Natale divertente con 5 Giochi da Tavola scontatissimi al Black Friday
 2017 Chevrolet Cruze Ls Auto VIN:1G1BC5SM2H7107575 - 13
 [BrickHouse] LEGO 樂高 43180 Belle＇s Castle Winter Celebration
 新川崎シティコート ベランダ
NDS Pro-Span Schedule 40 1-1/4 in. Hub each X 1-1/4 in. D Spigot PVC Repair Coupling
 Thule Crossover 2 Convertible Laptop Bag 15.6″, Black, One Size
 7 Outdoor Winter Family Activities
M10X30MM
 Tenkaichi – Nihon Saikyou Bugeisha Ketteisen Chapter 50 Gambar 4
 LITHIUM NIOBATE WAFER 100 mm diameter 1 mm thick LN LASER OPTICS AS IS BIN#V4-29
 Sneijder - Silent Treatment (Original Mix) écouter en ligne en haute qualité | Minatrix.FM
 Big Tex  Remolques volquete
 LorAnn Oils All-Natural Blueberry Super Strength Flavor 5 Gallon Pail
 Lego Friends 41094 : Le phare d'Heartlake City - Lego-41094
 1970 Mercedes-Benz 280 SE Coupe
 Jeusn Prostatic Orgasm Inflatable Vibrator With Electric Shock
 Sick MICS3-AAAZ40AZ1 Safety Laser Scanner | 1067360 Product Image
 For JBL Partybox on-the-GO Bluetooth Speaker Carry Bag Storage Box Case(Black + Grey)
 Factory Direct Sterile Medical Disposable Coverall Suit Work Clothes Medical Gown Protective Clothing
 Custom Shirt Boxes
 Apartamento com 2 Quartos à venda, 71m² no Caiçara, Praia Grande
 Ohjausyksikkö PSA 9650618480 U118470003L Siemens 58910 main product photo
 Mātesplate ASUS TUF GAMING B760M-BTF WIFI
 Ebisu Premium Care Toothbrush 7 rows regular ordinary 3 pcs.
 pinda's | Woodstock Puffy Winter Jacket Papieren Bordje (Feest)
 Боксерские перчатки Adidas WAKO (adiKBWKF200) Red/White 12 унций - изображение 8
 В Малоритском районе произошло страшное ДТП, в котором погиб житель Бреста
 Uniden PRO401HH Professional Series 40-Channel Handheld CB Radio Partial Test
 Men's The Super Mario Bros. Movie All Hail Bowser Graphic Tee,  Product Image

▶ **Instructions to follow**: Only the count is wanted. Find the lines of the records that include the word "Image" and state how many.

▶ **Result of this exercise**: 2